Taking the reaction into consideration it could be possible but ...


----------



## the lancaster kicks ass (Aug 4, 2006)

she does have that mystical aura about him... her.... it


----------



## Wurger (Aug 4, 2006)

Mein Gott, I hope it wasn't an ambush


----------



## Novice (Aug 4, 2006)

*Hahaha.
Yeah, I'm a female.
...Last time I checked anyway.*​


----------



## the lancaster kicks ass (Aug 5, 2006)

bout time too, i'm boored of CC


----------



## plan_D (Aug 8, 2006)

I should feel the need to be shocked by that comment, lanc. But I'm not because I'm used to your outbursts of homosexuality. Welcome Novice to our circus! The largest collection of dumb-sh*ts and morons since the UN last met.


----------



## cheddar cheese (Aug 8, 2006)




----------



## Novice (Aug 8, 2006)

*Thank You for making me feel so welcome. *​


----------



## Maestro (Aug 8, 2006)

plan_D said:


> Welcome Novice to our circus! The largest collection of dumb-sh*ts and morons since the UN last met.

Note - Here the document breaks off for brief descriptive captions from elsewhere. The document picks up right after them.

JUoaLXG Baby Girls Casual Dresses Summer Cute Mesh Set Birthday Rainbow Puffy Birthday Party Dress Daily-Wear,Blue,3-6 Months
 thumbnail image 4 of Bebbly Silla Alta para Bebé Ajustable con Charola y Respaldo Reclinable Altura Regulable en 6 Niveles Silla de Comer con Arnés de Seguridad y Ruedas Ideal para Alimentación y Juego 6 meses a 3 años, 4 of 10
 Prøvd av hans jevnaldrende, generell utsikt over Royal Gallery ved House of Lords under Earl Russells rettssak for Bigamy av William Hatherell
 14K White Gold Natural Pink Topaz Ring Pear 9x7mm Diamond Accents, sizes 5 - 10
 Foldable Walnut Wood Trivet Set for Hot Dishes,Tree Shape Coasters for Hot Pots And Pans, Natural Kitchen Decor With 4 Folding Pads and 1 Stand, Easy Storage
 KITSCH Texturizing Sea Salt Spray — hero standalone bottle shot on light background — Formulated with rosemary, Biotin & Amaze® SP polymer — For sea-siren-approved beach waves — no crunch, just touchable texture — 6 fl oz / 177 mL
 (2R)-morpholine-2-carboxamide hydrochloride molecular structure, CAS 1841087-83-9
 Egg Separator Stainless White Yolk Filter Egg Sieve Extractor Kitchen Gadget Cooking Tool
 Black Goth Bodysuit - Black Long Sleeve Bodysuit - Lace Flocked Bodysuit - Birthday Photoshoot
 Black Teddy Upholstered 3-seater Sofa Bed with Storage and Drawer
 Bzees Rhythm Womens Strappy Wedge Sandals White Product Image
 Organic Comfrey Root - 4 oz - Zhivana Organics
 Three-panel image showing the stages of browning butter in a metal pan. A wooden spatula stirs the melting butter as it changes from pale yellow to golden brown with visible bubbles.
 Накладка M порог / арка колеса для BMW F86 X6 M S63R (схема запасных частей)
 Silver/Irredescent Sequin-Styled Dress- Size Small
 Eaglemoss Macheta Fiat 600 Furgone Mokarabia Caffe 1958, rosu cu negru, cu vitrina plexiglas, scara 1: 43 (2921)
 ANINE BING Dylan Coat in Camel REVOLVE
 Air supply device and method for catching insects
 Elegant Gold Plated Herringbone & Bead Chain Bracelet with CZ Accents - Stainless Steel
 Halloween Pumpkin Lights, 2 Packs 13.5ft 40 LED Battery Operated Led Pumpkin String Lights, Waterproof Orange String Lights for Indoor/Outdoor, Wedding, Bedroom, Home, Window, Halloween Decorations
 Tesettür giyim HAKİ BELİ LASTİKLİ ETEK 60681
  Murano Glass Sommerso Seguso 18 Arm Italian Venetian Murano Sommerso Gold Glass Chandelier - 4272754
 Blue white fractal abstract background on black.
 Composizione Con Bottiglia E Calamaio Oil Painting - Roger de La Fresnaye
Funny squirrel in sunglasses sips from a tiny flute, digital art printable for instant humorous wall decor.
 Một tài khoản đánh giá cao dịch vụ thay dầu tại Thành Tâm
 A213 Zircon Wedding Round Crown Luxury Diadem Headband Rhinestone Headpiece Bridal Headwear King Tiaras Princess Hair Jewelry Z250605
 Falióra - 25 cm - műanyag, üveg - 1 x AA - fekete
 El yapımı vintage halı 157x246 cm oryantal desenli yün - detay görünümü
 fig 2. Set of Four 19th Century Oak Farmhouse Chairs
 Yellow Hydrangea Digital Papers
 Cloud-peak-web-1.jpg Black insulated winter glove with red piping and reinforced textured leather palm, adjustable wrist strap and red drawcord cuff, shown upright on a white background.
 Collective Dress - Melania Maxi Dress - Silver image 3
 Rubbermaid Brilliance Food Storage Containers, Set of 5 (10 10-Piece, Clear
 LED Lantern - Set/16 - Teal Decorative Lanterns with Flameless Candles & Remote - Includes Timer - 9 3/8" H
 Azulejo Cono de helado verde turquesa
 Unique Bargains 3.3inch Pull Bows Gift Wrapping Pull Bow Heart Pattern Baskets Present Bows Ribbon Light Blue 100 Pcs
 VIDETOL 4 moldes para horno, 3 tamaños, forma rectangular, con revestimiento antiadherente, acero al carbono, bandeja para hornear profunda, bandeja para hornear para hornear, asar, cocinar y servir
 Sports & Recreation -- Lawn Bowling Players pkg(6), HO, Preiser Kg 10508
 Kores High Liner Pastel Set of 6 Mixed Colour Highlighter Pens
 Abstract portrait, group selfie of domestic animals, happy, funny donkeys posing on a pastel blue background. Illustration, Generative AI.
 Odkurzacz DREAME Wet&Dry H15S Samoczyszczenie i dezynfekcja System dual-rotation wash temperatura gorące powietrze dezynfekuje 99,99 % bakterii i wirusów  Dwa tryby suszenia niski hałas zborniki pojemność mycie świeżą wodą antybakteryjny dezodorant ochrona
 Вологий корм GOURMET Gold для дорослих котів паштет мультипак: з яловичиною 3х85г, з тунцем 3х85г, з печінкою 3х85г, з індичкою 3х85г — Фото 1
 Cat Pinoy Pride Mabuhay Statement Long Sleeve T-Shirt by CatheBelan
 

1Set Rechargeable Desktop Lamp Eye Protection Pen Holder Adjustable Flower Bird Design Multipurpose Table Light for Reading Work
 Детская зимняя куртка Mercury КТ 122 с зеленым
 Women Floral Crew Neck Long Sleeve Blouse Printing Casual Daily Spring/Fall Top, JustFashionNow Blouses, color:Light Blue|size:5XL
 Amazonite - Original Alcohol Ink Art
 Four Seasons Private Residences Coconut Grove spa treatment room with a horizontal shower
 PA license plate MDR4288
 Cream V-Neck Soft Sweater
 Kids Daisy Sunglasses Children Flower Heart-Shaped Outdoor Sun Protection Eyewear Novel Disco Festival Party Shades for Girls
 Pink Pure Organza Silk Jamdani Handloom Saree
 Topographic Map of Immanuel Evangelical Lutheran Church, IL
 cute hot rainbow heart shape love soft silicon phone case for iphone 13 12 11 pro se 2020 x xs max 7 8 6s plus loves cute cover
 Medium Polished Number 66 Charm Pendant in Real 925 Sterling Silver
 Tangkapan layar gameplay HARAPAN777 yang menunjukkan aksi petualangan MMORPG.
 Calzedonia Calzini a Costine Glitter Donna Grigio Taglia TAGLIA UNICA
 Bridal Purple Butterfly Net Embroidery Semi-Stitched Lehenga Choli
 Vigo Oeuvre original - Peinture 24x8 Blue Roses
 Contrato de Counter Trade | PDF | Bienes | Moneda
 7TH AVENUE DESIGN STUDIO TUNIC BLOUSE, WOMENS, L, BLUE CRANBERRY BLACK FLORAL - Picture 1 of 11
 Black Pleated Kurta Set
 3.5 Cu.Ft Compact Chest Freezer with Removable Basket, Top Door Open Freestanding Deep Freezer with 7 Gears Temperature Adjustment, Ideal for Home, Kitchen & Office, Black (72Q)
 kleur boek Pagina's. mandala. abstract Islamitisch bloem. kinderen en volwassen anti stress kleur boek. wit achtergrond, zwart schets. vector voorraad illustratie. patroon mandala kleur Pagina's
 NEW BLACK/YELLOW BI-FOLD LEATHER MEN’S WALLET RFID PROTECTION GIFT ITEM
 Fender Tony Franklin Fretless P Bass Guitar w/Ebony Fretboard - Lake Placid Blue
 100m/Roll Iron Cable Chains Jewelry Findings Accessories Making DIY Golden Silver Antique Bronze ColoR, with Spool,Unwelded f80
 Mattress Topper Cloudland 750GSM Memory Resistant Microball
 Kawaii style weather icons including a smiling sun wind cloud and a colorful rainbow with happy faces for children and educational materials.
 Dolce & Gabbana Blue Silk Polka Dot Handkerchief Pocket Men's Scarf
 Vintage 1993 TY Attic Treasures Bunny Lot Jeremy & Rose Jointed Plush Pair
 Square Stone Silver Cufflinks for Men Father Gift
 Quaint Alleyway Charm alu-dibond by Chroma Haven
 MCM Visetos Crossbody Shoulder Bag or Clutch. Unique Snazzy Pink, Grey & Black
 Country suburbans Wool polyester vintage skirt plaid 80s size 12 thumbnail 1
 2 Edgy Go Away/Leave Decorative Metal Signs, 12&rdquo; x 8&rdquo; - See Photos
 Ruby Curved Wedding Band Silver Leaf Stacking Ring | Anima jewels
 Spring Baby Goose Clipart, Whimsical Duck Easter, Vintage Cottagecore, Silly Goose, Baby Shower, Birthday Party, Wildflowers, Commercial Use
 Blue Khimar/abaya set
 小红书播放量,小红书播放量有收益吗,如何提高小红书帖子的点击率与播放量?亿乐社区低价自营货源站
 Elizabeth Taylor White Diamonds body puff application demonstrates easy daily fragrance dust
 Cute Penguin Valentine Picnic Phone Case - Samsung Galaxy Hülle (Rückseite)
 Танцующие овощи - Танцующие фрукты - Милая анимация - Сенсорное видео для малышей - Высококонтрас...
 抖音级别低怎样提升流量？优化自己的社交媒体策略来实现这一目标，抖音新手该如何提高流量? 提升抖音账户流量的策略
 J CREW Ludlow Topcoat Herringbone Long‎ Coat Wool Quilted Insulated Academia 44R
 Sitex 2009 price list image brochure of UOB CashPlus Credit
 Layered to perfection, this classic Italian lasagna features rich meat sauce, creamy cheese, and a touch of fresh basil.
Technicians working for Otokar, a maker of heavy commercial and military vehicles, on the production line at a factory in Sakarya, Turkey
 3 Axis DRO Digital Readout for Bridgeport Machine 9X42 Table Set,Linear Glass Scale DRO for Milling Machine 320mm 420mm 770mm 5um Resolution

Since the UN last met, eh ? I didn't know there was that many morons on _our_ web site ! 

Uhhh... Well... Welcome aboard, Novice.


----------



## lesofprimus (Aug 9, 2006)

> Welcome Novice to our circus! The largest collection of dumb-sh*ts and morons since the UN last met.


HEY!!! 

During our last Admin/Moderator Meeting, we felt we made great leaps and bounds in the forum of World Democracy....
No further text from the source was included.